La dîme
James E. Talmage (1862-1933)
Président de l'université
d'Utah de 1894 à 1897
Membre du Collège des Douze de
1911 à 1933
L'Église actuelle suit la
doctrine du payement de la dîme, semblable, en toutes ses
dispositions générales, à celle qui fut
enseignée et pratiquée autrefois. Avant de considérer
la pratique autorisée actuelle en la matière, il peut
être instructif d'étudier l'ancienne pratique du
paiement de la dîme. Au sens étroit, la dîme est
un dixième, et cette proportion des biens individuels semble
avoir été considérée autrefois comme
revenant au Seigneur [9]. L'institution
de la dîme précède même l'époque
mosaïque, car nous trouvons que les patriarches Abraham et Jacob
payèrent la dîme. Abraham, revenant d'une bataille
victorieuse, rencontra Melchisédek, roi de Salem, et
« sacrificateur du Dieu Très-Haut », et
reconnaissant son autorité sacerdotale, « lui donna
la dîme de tout » [10].
Jacob, de son plein gré, fit le vœu de donner au
Seigneur un dixième de tout ce qu'il posséderait [11].

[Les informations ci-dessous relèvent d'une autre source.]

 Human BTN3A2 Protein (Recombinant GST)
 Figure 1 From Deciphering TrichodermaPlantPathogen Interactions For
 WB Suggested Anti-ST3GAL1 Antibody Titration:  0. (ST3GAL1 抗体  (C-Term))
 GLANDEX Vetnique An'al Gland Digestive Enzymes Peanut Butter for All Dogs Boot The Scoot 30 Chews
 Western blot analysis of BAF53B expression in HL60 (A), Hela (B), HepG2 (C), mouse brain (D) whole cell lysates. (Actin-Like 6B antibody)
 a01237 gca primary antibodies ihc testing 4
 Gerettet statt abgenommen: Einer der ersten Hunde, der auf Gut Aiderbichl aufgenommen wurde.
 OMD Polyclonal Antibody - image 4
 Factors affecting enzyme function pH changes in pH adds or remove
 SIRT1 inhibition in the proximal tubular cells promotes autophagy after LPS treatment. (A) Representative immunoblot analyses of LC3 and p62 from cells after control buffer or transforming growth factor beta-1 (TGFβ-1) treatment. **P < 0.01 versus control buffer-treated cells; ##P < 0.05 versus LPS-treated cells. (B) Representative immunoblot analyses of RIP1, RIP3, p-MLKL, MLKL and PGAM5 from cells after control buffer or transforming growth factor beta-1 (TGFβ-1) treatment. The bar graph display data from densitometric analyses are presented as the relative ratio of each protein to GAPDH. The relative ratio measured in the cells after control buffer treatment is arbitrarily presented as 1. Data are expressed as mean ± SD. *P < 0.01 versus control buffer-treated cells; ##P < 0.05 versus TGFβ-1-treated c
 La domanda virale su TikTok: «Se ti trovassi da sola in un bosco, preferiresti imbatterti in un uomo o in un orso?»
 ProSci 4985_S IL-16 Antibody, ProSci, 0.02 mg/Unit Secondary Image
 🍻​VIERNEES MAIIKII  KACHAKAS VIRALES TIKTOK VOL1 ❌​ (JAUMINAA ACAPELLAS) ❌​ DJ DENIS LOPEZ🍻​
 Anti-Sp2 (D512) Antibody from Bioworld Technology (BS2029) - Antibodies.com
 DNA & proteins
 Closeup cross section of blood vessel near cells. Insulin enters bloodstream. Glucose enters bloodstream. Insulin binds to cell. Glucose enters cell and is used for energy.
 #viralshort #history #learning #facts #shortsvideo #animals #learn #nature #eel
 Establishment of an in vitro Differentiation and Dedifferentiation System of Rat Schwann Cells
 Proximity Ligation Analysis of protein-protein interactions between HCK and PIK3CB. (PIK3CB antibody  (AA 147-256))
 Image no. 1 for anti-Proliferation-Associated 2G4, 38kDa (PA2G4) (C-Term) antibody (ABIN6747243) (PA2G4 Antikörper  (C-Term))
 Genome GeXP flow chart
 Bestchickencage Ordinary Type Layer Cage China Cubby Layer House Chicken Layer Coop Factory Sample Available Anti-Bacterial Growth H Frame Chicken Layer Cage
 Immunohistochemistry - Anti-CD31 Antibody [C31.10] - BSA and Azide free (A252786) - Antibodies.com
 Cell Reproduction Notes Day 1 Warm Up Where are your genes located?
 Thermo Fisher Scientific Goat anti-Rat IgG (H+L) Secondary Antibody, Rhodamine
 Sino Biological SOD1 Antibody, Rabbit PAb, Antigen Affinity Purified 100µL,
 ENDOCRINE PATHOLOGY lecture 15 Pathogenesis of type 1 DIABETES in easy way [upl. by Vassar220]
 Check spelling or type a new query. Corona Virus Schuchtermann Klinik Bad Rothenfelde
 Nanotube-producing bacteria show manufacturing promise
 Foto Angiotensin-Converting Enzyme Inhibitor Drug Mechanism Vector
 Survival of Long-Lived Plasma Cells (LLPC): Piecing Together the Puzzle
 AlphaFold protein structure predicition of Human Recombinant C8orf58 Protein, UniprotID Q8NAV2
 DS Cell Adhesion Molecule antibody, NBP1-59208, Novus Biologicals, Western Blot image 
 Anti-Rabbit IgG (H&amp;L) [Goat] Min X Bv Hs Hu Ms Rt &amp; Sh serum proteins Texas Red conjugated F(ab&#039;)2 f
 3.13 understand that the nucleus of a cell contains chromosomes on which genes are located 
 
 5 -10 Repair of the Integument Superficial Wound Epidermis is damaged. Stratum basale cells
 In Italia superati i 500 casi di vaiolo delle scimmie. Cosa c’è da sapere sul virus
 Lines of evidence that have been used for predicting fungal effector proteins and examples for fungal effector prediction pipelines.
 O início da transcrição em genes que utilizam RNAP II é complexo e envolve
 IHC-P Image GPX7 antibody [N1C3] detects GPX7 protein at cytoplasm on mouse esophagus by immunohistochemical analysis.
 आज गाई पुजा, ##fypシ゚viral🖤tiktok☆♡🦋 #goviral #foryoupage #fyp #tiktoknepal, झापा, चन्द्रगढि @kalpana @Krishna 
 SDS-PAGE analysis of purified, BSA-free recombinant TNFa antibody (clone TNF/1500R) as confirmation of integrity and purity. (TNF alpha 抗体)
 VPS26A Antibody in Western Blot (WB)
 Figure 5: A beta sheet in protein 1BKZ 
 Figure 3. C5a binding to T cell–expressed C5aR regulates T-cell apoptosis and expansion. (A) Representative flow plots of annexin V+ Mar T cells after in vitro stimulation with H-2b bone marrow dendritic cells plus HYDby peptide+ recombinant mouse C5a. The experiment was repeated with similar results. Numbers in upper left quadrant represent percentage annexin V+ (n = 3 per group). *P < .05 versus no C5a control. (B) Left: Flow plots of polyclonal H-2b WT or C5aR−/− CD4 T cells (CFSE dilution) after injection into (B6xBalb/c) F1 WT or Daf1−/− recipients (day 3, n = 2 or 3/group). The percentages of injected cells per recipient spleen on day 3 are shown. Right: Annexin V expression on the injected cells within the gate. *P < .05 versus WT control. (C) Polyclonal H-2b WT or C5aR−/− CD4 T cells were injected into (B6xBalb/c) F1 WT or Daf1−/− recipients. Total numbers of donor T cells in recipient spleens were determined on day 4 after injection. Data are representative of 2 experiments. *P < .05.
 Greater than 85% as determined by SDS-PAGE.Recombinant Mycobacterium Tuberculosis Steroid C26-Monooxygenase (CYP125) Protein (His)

Les statuts mosaïques étaient
explicites en requérant la dîme : « Toute
dîme de la terre, soit des récoltes de la terre, soit du
fruit des arbres, appartient à l'Éternel ; c'est
une chose consacrée à l'Éternel... Toute dîme
de gros et de menu bétail, de tout ce qui passe sous la
houlette, sera une dîme consacrée à
l'Éternel » [12]. La
dîme devait être payée comme elle se présentait,
sans chercher ce qui était bon ou ce qui était mauvais.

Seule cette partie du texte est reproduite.